Top of DATA UNDER STUDY
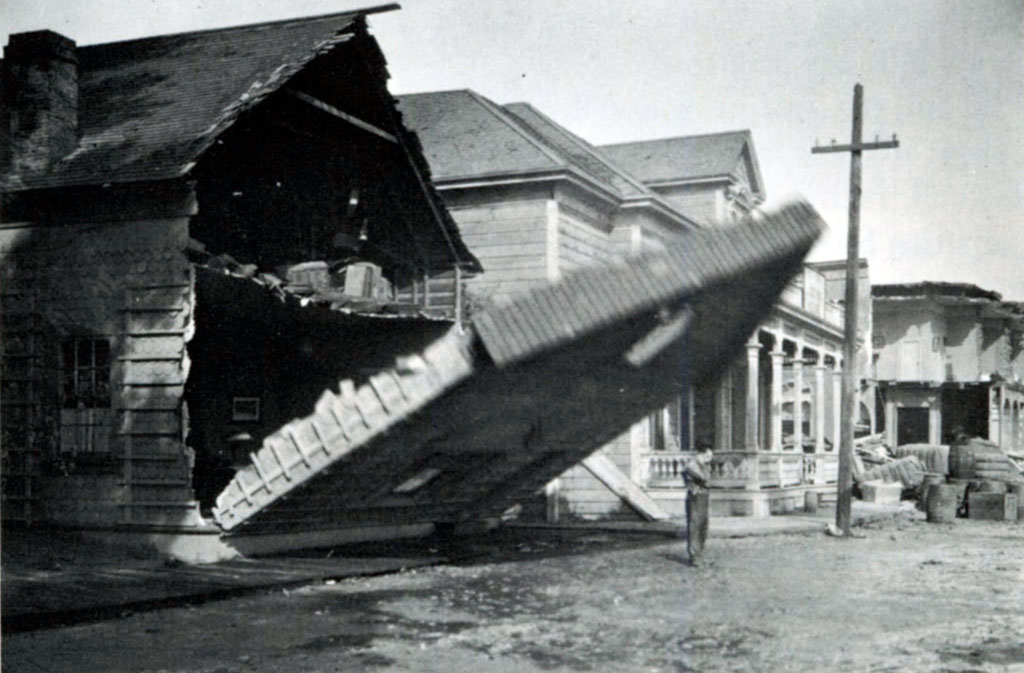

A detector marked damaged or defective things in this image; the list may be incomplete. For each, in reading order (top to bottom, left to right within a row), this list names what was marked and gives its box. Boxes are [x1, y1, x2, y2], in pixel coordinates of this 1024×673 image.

broken plaster wall [0, 214, 197, 524]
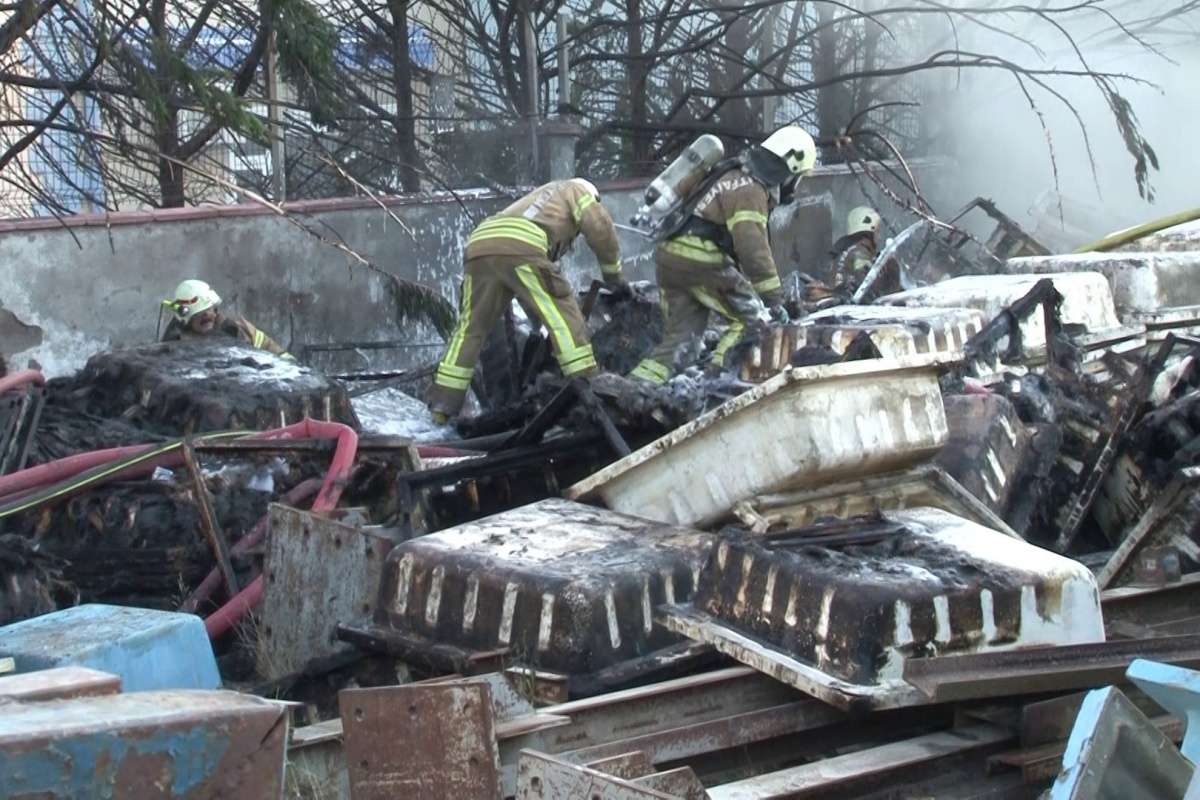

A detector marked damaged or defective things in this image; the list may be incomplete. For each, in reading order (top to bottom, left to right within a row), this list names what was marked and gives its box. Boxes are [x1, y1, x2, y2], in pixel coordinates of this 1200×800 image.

charred debris [7, 215, 1200, 796]
rusty metal sheet [256, 503, 398, 681]
rusty metal sheet [0, 666, 120, 705]
rusty metal sheet [0, 690, 288, 796]
rusty metal sheet [338, 681, 501, 800]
Bottom of DATA UNDER STUDY
• _TASK PROMPT_: Extract every line from the one containing "this 1200×800 image." to the end of the entries, including both of those lines, exactly as given and with nothing added.

• _RESPONSE FOR THIS EXERCISE_:
A detector marked damaged or defective things in this image; the list may be incomplete. For each, in reading order (top to bottom, left to right within a row), this list names what was marked and gives its box. Boxes are [x1, y1, x2, y2], in pixel coordinates of this 1200×800 image.

charred debris [7, 215, 1200, 796]
rusty metal sheet [256, 503, 398, 681]
rusty metal sheet [0, 666, 120, 705]
rusty metal sheet [0, 690, 288, 796]
rusty metal sheet [338, 681, 501, 800]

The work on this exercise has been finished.